ASSIGNMENT: Using the records below, return exactly the lines from the one containing "Load image into" through the last, and omit pictures.

RECORDS SUPPLIED:
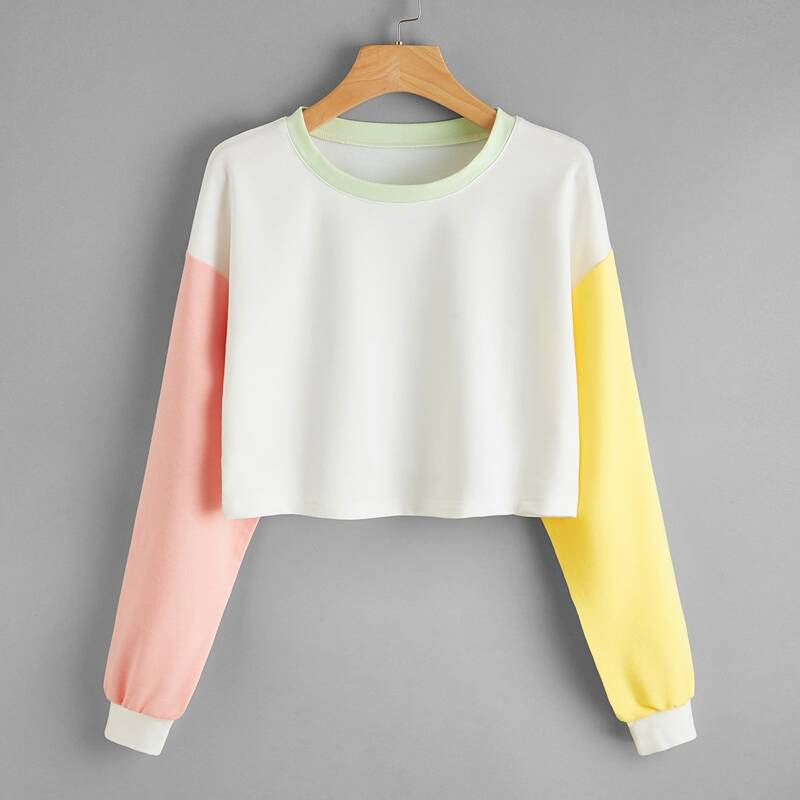 

Colorblock Sleeve Crop Sweatshirt, Multicolor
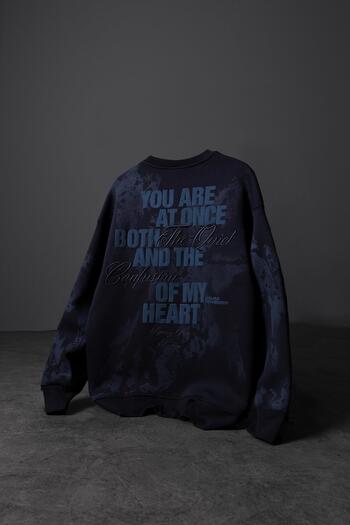 Slatra Men's Navy Blue of My Heart Embroidered Oversize Sweatshirt
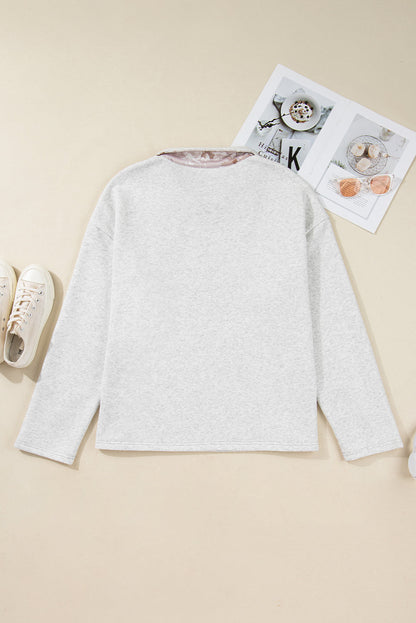 Plus Size Camo Patchwork Zipped Collar Pullover Sweatshirt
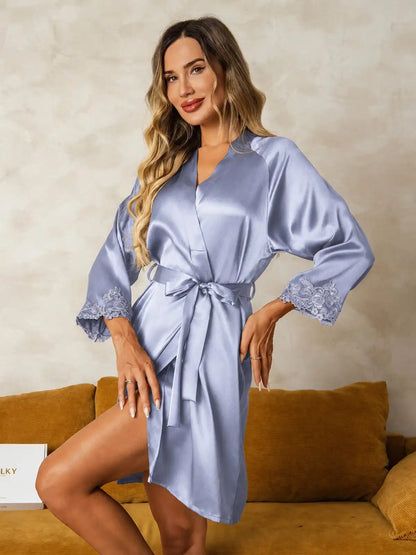 100% Mulberry Silk Lace Cuffs Robe Wrap Kimono Belted with 3/4 Sleeves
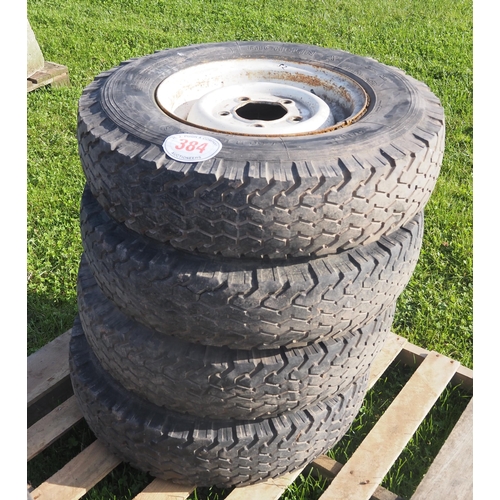 384 - Land Rover Wheels and tyres 7.50R16X4X4 - 4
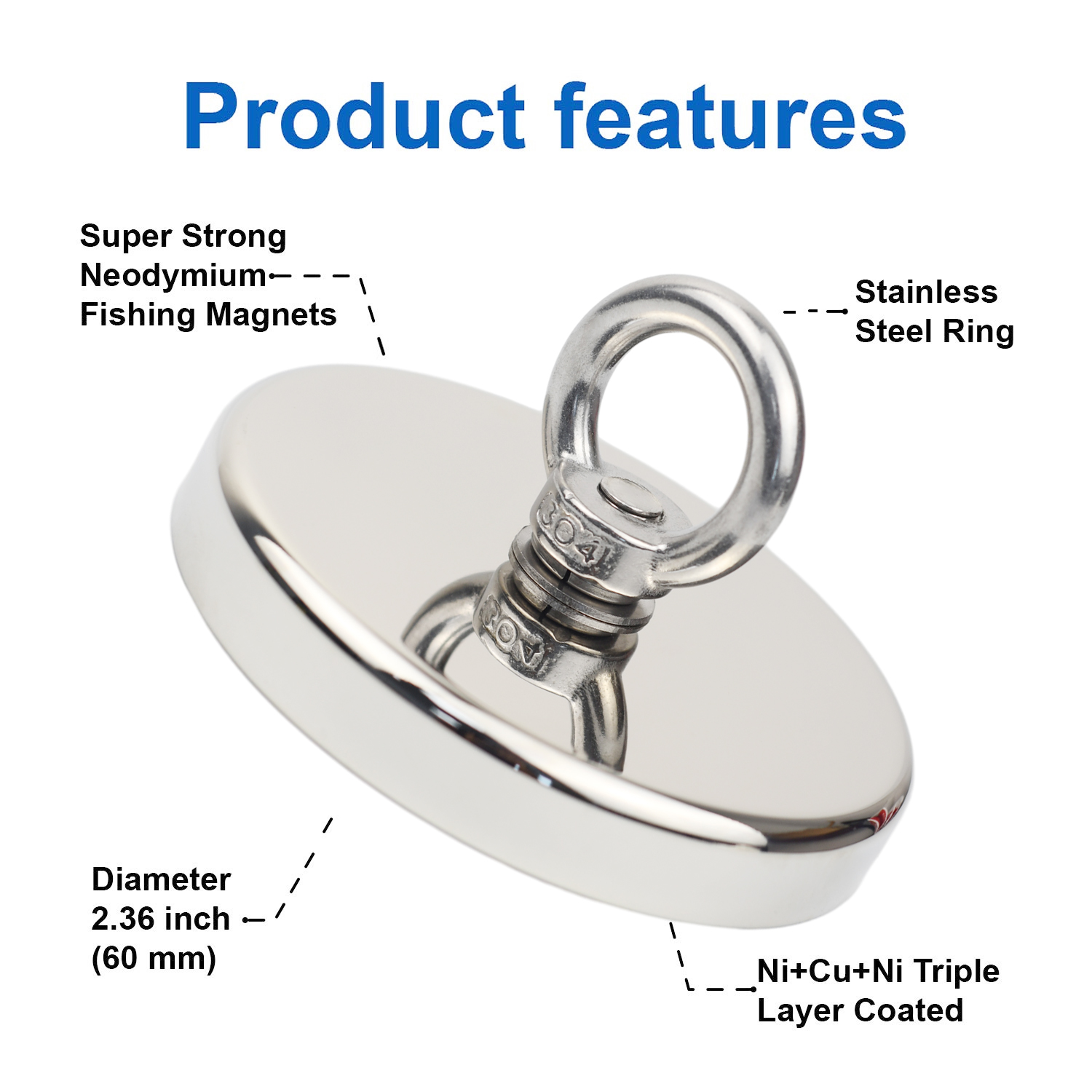 D90 풀 맥스 350kg 초강력 네오디뮴 낚시 자석  - Fishing Hook Stainless Steel 리뷰 및 가격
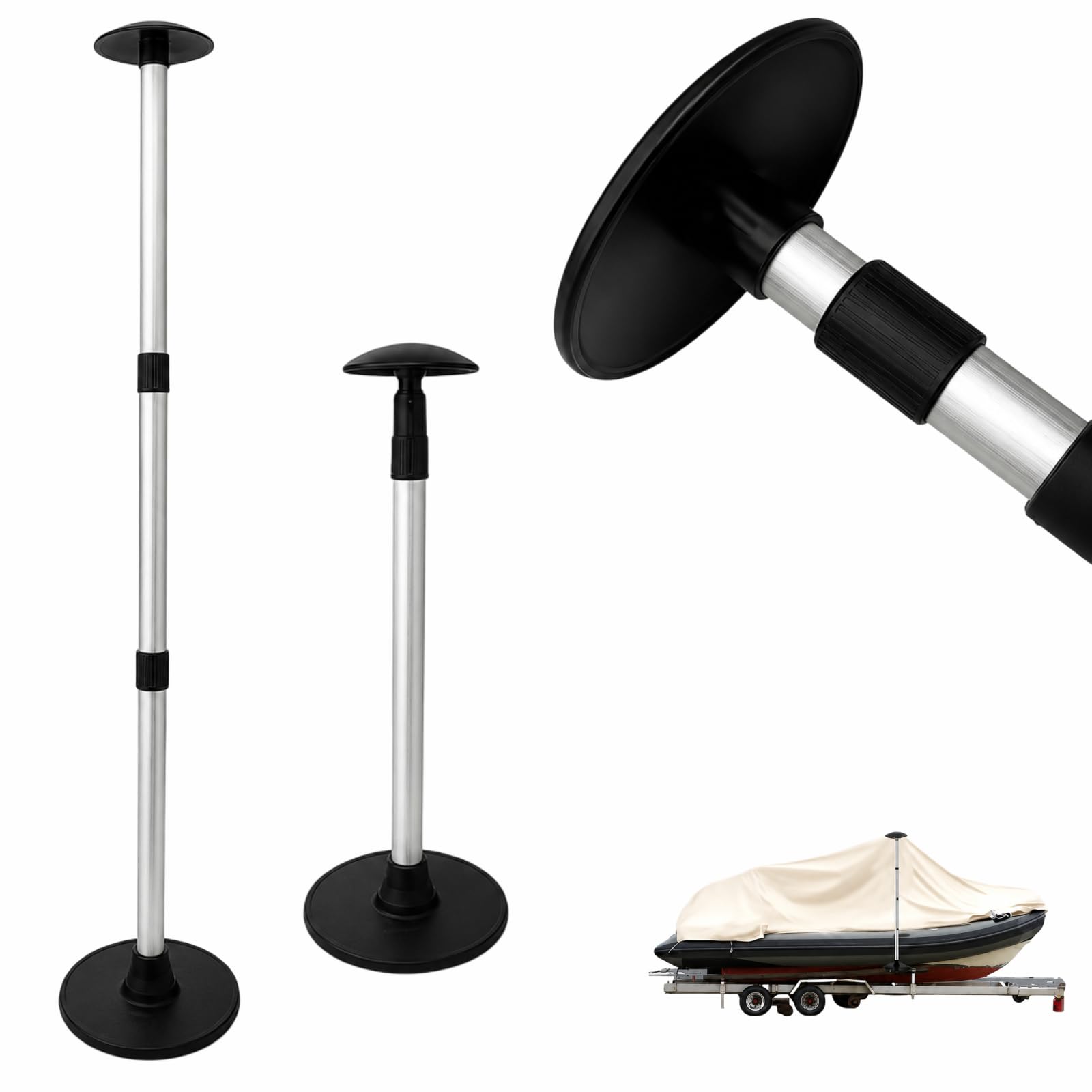Sistema di supporto del palo della copertura della barca - accessori del palo in alluminio telescopico con altezza regolabile a 3 fasi di 23 "~ 57" per pontone basso barchetta da pesca Bimini Tops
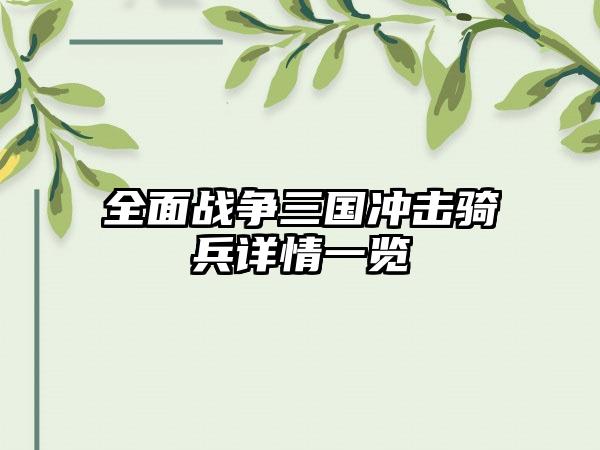 全面战争三国冲击骑兵详情一览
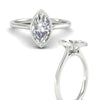 Load image into Gallery viewer, Marquise Cut Petite Bezel Solitaire Engagement Ring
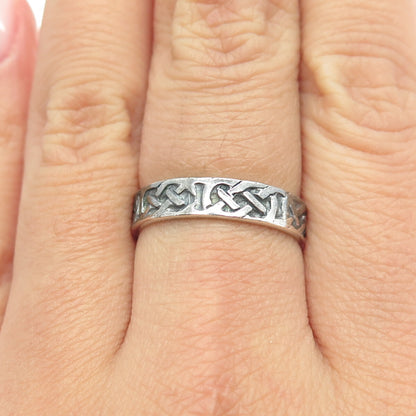 CHAPAL ZENRAY 925 Sterling Silver Vintage Celtic Knot Band Ring Size 8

ANSWER FOR THIS EXERCISE:
 Load image into Gallery viewer, Marquise Cut Petite Bezel Solitaire Engagement Ring
 CHAPAL ZENRAY 925 Sterling Silver Vintage Celtic Knot Band Ring Size 8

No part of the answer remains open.